- **Available records**:
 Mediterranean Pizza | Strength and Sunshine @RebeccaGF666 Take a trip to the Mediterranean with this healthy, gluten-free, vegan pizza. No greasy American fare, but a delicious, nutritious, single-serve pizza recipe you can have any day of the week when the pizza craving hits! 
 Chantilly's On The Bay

==

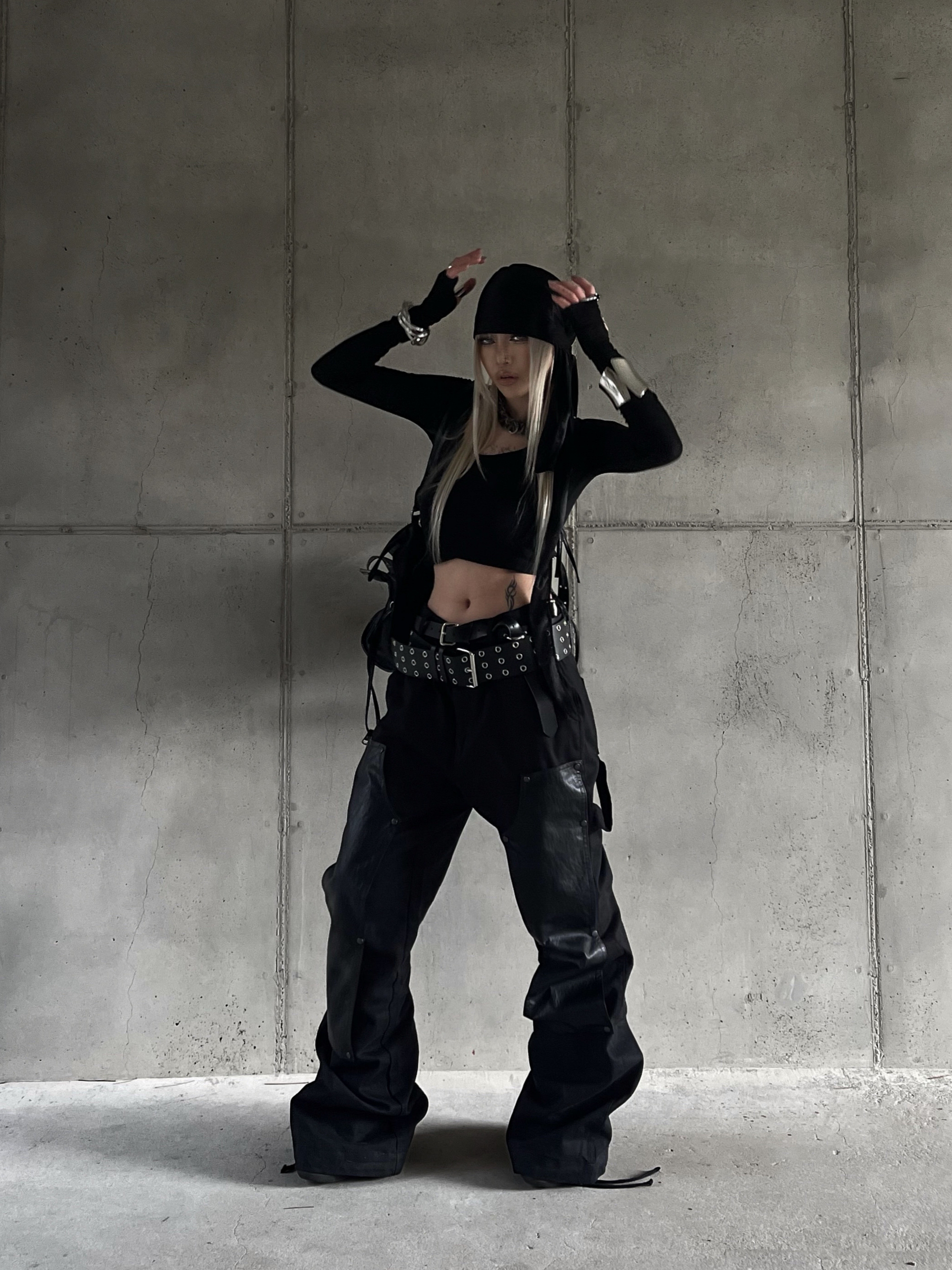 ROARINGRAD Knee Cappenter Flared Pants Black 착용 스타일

- **To do**: Copy range, inclusive: the line holding "Mediterranean Pizza |" to the line holding "Chantilly's On The Bay". Reproduce exactly those lines of the records above and no others.

- **Task result**:
 Mediterranean Pizza | Strength and Sunshine @RebeccaGF666 Take a trip to the Mediterranean with this healthy, gluten-free, vegan pizza. No greasy American fare, but a delicious, nutritious, single-serve pizza recipe you can have any day of the week when the pizza craving hits! 
 Chantilly's On The Bay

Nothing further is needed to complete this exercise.